Noticias de los últimos días hablan de jóvenes deportistas con un futuro prometedor, plusmarquistas mundiales que han sido sometidos a ritmos de trabajo casi inhumanos. Personas concebidas para conseguir una serie de títulos, de marcas, de tiempos que les llevan a vivir con una presión y precisión casi robótica. Horas interminables de ejercicio, dietas estrictas y severas, planes de vida focalizados por un proyecto: conseguir un ideal, un tiempo, una marca… Personas de carne y hueso supeditadas a unos esfuerzos de acero.

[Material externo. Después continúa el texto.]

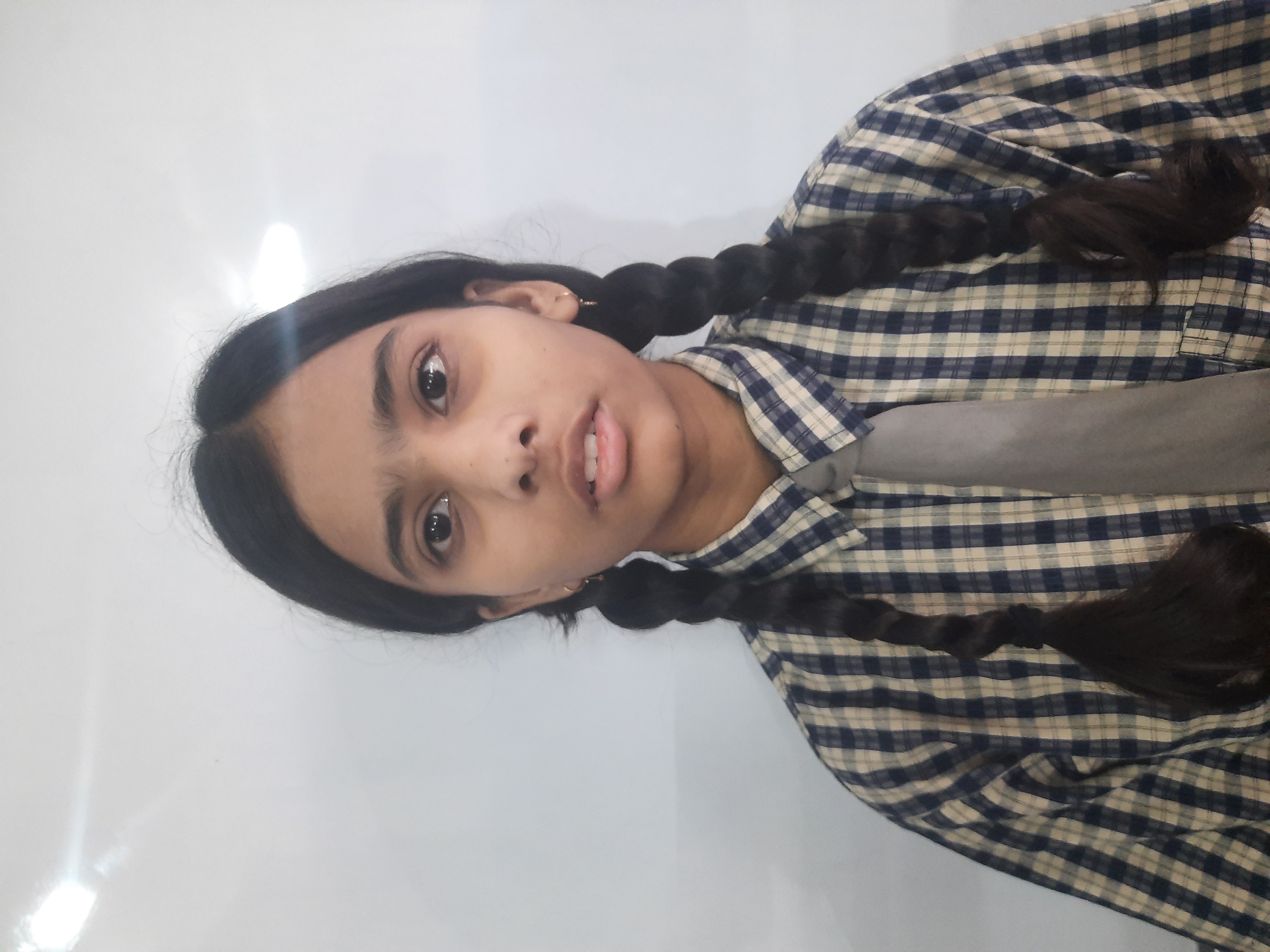 Kanha Makhan Public School, Mathura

A la luz ha saltado que algunos de ellos ya no han podido más, que han “explotado” y cuando el ser humano no puede más saltan las alarmas físicas de un físico que se ve desbordado por la realidad que tiene, que se revela ante la tiranía del “deber”.
Los ideales del deporte son sanos, son buenos y además son testimonio para otros jóvenes. Esfuerzo, sacrificio, responsabilidad, lucha por un ideal –loable en este caso-, nos muestran que hay jóvenes que buscan otra cosa, que viven algo distinto, que les lleva a empeñar juventud y vida.
No sé por qué pero mientras leía estas noticias se me hacía presente nuestra vida religiosa, los peligros que la atenazan… primacía del hacer sobre el ser, prioridad de las obras sobre las personas, instituciones que mantener que llevan a horarios explosivos, ritmos inhumanos, dietas estrictas de trabajo, vivir sin “perder” un minuto de tiempo, forzar el cuerpo y el espíritu por conseguir una marca, un tiempo, unos números que no son, que no existen, que no volverán… y me pregunta algunas cosas.